Alpha-synuclein is the main component of Lewy bodies that occur in Parkinson’s disease and related diseases in the nerve cells and may be involved in their downfall. The elimination of alpha-synuclein (or the prevention of further deposits) could therefore favorably influence the course of the disease.

An Austrian biotechnology company has developed a vaccine for this purpose. It is an antigenic peptide that contains a short section of alpha-synuclein and is said to induce the formation of antibodies after injection. These antibodies are then supposed to neutralize alpha-synuclein in the brain. The effect would be the same as with treatment with monoclonal antibodies, which have been tried in Alzheimer’s disease for years in larger clinical studies (however so far unsuccessful).

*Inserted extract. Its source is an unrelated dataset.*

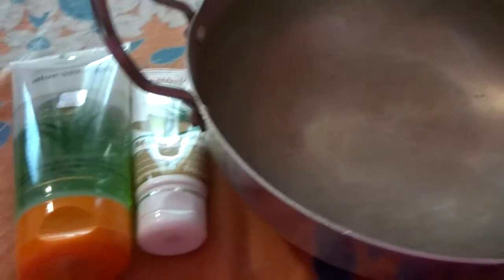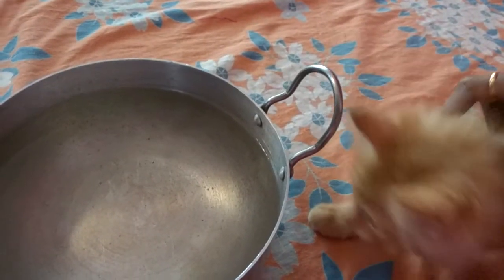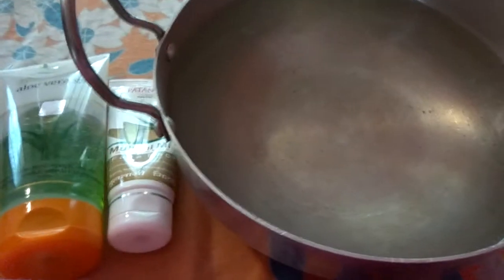Okay guys, please comment on your experience. Thanks guys, and this is cat stubby. Now you can see your skin. Thanks for watching!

Parkinson’s vaccine PD01A has been tested in recent years in a phase 1 study in 32 patients with early-stage Parkinson’s disease where the protective effect of the treatment is most likely to be expected.

Participants were initially randomized to 4 subcutaneous vaccinations in 2 different doses of PD01A. As the team led by Günther Staffler from the manufacturer AFFiRiS from Vienna reported, antibodies against alpha-synuclein were formed, the titer of which decreased again in the course of the first year. The patients therefore received a first refresher after 116 weeks and another booster after 150 weeks.

In this way it was possible to keep the antibody titer at a level for at least 3.5 years, which could create the prerequisites for a disease-modifying effect. According to the publication, there have been no serious complications that would jeopardize the continuation of clinical development.

The most common side effects were local reactions at the injection site. Systemic side effects were fatigue in 4 patients, headache in 3 patients, myalgia in 3 patients, muscle stiffness in 2 patients and tremor in 2 patients.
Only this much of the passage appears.